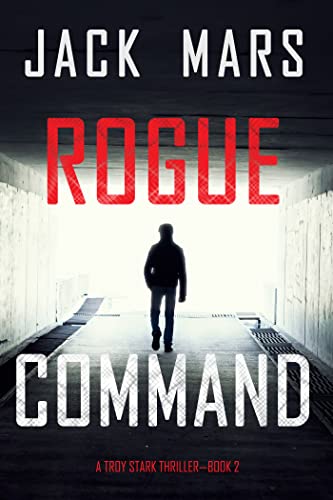 Rogue Command (A Troy Stark Thriller—Book #2)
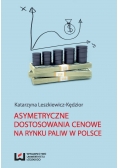 Asymetryczne dostosowania cenowe na rynku paliw w Polsce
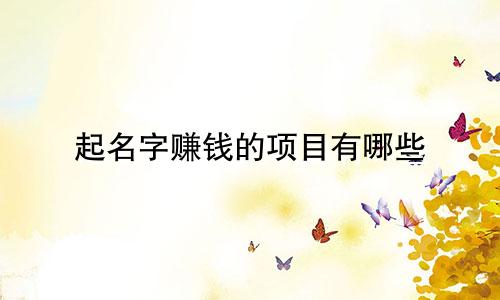 起名字赚钱的项目有哪些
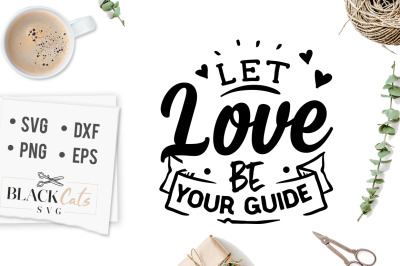 Let love be your guide SVG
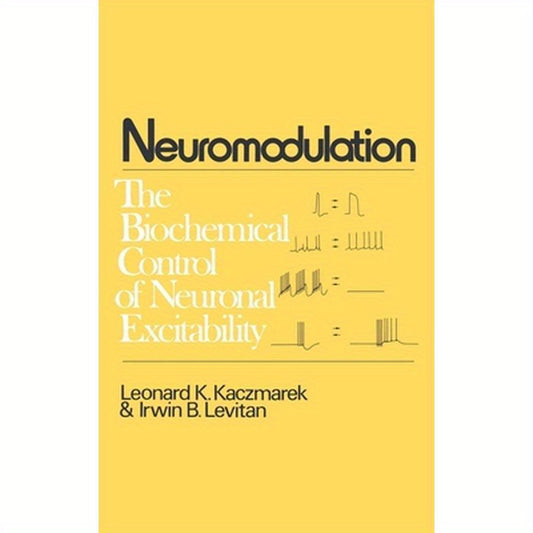 Neuromodulation: The Biochemical Control of Neuronal Excitability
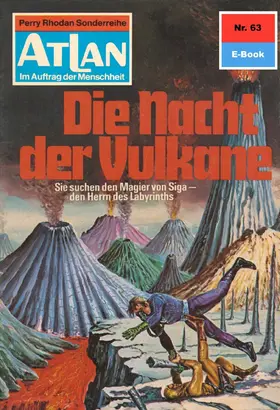 Kneifel |  Atlan 63: Die Nacht der Vulkane | eBook | Sack Fachmedien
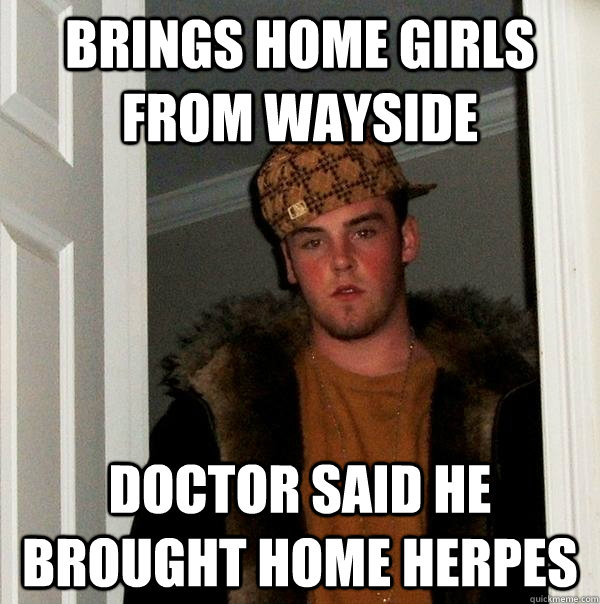 Brings home girls from wayside Doctor said he brought home herpes  Scumbag Steve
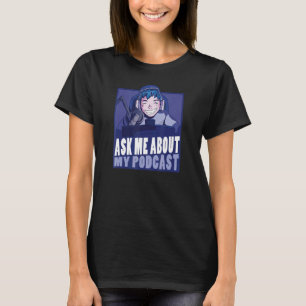 Camiseta Pergunte-Me Sobre O Meu Microfone Líder Podcaster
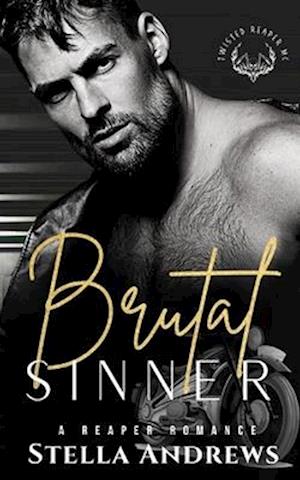 Brutal Sinner: A Reaper Romance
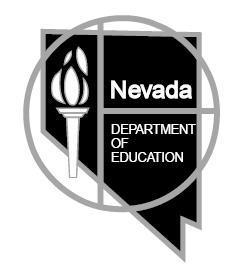 NEVADA STATE BOARD OF EDUCATION NEVADA STATE BOARD FOR CAREER AND TECHNICAL EDUCATION Christopher Wallace... President Dave Cook... Vice President Craig Wilkinson... Clerk Gloria Bonaventura.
▬▬▬▬▬▬▬▬▬▬
Exercise directions> Would you retype each line above exactly and skip every image?

Exercise result>
 Rogue Command (A Troy Stark Thriller—Book #2)
 Asymetryczne dostosowania cenowe na rynku paliw w Polsce
 起名字赚钱的项目有哪些
 Let love be your guide SVG
 Neuromodulation: The Biochemical Control of Neuronal Excitability
 Kneifel |  Atlan 63: Die Nacht der Vulkane | eBook | Sack Fachmedien
 Brings home girls from wayside Doctor said he brought home herpes  Scumbag Steve
 Camiseta Pergunte-Me Sobre O Meu Microfone Líder Podcaster
 Brutal Sinner: A Reaper Romance
 NEVADA STATE BOARD OF EDUCATION NEVADA STATE BOARD FOR CAREER AND TECHNICAL EDUCATION Christopher Wallace... President Dave Cook... Vice President Craig Wilkinson... Clerk Gloria Bonaventura.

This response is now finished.